Records shown below:

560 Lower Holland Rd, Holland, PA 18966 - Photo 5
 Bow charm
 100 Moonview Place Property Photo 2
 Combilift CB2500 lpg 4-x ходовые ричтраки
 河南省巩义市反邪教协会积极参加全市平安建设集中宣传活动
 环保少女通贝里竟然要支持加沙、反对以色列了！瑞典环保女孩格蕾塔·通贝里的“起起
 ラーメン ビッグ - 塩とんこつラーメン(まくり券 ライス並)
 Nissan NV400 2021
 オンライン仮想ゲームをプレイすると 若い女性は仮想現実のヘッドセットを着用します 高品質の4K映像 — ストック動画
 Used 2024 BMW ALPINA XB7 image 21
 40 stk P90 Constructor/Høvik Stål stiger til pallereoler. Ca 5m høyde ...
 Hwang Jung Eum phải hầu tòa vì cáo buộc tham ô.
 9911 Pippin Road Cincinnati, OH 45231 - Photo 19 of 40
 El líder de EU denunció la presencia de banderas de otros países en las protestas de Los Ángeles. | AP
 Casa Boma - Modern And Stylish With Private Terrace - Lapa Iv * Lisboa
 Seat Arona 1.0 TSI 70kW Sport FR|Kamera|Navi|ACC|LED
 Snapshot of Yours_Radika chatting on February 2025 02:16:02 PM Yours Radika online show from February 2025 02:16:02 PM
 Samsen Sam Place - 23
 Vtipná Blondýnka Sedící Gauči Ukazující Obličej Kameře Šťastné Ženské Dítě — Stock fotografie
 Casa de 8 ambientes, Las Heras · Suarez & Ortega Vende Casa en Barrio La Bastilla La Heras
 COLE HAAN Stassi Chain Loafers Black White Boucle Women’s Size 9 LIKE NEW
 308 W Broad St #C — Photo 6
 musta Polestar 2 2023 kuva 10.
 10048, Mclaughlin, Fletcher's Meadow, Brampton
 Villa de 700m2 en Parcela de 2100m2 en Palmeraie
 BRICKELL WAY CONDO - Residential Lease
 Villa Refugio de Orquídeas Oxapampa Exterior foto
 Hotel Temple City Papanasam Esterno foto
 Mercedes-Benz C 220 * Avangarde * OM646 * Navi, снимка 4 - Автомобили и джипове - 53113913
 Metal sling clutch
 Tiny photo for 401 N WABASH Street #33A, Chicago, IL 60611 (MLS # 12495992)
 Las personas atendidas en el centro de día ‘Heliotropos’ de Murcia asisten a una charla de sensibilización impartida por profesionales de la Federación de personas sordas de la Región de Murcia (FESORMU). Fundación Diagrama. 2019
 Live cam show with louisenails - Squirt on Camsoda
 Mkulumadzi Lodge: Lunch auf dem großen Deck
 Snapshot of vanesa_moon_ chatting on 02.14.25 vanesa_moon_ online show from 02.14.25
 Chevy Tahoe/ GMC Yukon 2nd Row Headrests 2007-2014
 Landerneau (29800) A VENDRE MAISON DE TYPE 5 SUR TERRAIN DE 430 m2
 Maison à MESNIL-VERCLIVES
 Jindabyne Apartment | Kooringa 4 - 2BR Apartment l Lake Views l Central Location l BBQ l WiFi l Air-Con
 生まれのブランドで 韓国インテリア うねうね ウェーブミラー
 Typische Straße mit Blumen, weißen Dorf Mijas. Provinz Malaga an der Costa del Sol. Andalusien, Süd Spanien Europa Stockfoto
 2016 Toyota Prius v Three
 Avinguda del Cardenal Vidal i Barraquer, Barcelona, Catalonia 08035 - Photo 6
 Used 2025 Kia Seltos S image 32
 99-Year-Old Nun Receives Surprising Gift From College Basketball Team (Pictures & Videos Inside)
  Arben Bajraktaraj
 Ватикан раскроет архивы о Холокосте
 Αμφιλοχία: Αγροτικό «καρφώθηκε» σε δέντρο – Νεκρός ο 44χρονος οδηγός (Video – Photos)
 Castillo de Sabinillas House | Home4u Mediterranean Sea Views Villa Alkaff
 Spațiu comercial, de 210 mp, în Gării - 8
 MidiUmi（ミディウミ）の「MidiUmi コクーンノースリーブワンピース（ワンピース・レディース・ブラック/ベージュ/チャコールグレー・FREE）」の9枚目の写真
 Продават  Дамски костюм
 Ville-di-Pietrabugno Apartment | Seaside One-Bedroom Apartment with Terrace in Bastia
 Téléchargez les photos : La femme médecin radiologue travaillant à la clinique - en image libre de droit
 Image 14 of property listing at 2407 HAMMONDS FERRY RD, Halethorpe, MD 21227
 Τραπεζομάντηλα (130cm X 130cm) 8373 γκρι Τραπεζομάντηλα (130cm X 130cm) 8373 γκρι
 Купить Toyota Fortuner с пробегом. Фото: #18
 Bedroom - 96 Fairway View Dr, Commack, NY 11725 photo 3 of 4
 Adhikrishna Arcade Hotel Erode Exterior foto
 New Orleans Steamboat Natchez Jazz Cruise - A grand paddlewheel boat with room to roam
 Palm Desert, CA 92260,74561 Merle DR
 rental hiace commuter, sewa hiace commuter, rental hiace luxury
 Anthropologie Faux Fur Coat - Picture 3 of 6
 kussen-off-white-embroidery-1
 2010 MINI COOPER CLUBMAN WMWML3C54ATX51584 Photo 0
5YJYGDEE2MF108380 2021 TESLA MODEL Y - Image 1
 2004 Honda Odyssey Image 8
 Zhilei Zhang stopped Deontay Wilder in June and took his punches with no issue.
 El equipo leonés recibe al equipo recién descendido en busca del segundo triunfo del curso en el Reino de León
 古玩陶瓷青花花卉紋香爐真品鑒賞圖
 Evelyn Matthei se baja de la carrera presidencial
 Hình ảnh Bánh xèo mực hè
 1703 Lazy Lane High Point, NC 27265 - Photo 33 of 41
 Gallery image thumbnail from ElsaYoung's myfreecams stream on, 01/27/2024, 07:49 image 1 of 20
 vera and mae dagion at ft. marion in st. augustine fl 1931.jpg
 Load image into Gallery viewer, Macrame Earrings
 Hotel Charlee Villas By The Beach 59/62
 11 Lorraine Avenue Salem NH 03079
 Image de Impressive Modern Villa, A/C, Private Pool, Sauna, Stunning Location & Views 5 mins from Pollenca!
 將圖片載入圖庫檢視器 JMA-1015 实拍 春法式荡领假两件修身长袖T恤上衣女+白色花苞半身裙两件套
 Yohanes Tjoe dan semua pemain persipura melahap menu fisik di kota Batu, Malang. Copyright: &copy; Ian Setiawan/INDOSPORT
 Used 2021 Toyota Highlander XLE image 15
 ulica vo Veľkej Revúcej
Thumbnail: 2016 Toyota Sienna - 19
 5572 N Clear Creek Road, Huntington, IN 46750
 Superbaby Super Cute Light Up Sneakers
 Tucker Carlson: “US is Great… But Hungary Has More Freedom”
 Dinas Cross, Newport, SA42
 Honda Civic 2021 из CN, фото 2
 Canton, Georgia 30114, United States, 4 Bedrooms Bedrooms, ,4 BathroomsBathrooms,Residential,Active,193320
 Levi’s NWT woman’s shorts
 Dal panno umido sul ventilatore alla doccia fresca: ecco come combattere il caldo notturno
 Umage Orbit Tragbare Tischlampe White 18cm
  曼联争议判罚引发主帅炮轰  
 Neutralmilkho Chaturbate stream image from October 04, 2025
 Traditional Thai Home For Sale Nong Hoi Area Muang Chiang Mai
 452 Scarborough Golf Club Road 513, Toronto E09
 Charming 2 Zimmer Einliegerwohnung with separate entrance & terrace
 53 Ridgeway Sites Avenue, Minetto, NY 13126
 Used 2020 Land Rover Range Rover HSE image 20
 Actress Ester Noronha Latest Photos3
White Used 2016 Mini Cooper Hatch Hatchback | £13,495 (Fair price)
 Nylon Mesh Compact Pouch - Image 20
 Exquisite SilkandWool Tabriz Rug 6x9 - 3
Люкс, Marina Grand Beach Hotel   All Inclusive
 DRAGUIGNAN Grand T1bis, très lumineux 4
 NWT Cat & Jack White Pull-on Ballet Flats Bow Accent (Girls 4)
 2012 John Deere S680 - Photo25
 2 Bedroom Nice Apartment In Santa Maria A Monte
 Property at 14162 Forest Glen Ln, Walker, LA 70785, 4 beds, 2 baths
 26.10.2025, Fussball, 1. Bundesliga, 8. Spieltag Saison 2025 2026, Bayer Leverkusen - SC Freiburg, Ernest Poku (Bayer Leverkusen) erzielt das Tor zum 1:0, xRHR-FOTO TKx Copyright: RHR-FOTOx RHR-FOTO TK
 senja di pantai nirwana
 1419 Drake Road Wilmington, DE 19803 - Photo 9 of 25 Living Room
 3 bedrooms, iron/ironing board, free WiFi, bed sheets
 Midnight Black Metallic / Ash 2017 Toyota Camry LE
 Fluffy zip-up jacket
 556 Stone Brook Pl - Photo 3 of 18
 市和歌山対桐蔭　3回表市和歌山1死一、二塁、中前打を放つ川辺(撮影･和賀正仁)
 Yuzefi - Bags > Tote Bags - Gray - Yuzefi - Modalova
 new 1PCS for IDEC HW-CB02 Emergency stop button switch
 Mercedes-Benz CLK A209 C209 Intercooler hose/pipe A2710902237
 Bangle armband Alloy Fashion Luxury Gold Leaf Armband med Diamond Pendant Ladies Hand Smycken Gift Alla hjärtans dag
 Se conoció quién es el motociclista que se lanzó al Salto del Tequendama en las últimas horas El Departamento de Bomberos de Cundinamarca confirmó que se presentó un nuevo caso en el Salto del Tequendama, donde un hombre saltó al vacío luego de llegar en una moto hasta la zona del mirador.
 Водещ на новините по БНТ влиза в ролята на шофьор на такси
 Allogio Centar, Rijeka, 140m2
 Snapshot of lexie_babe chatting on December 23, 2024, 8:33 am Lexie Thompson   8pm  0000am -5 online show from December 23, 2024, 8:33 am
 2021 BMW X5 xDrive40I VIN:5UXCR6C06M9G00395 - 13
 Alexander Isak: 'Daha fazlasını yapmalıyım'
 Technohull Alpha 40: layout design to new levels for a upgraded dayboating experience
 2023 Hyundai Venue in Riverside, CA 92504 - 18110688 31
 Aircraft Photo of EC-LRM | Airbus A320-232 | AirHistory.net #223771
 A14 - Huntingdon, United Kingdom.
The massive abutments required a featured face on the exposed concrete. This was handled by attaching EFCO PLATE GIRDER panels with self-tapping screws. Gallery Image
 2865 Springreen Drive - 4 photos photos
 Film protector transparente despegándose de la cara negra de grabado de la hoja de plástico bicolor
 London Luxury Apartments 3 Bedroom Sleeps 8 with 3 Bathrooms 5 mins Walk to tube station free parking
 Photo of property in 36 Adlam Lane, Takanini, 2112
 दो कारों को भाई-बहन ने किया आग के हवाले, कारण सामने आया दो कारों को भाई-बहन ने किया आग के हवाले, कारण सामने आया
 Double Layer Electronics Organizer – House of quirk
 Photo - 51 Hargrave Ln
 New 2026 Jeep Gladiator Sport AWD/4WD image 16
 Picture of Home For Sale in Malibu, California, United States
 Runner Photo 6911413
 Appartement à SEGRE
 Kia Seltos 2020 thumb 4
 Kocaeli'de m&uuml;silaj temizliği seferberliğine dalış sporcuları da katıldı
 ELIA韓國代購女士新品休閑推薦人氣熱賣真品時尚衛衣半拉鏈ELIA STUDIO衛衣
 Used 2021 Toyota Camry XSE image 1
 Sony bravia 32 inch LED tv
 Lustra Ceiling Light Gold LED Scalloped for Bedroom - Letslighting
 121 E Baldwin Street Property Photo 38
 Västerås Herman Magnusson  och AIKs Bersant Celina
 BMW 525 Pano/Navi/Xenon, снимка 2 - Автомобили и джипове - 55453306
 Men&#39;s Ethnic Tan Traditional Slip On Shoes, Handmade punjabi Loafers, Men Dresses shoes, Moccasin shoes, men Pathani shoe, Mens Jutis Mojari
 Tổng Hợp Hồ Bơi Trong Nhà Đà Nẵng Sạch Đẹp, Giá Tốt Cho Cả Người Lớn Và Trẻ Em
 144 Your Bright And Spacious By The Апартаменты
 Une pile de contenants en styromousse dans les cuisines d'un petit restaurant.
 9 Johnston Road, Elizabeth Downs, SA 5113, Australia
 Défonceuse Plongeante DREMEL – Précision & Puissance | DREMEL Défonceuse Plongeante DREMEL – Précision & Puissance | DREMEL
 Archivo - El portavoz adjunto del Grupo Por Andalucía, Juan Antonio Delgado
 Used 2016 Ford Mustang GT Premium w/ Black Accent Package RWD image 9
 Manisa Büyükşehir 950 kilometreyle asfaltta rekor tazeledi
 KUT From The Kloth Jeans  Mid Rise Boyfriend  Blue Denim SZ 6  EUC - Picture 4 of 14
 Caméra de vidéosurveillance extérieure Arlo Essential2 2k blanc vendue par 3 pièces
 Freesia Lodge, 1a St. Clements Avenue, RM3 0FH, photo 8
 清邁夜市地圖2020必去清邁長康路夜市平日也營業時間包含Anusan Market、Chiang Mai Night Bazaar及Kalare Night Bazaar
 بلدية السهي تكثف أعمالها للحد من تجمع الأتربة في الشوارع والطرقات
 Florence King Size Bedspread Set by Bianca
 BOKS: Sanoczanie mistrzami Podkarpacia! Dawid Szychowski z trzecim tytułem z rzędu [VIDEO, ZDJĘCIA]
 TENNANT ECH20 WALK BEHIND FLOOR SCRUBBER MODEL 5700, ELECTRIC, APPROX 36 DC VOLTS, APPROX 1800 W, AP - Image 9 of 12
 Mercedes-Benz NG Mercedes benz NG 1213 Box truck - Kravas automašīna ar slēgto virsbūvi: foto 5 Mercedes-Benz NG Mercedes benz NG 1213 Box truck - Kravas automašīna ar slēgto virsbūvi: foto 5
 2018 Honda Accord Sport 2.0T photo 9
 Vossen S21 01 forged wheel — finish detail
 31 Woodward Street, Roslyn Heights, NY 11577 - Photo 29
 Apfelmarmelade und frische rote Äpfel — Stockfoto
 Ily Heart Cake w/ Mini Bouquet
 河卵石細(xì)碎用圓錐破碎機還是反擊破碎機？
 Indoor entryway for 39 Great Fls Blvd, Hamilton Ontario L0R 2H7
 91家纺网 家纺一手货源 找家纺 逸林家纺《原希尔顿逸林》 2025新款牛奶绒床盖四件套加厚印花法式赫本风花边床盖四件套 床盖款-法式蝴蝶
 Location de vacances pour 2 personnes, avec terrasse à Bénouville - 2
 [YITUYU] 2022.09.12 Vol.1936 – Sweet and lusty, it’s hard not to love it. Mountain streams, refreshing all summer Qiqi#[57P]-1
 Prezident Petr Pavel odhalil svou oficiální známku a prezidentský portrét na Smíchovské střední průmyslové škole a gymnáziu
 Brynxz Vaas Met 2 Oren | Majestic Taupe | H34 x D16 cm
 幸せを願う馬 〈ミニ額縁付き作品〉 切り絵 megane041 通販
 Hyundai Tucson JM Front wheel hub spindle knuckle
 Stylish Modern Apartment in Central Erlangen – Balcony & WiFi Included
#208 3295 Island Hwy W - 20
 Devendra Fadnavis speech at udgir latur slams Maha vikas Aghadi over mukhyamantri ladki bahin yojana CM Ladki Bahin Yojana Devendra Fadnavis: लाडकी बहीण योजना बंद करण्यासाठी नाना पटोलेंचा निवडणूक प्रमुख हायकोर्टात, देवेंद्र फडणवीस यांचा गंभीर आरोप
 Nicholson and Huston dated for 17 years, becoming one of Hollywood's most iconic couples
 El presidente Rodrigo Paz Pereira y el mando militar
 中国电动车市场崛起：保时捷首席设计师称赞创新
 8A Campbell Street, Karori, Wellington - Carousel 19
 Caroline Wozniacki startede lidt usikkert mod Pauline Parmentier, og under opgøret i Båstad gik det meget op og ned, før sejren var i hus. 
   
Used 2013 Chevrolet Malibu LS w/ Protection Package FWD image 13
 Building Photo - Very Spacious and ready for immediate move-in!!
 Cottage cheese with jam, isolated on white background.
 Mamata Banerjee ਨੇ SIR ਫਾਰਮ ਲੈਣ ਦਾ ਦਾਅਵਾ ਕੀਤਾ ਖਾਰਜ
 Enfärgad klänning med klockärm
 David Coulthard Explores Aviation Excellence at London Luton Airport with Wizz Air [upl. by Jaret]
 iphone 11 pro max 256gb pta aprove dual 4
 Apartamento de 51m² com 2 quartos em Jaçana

End of Records shown.

What you are asked to do: Scan the records above for lines with the word "Traditional", then say how many there are, giving the number alone.

Result: 2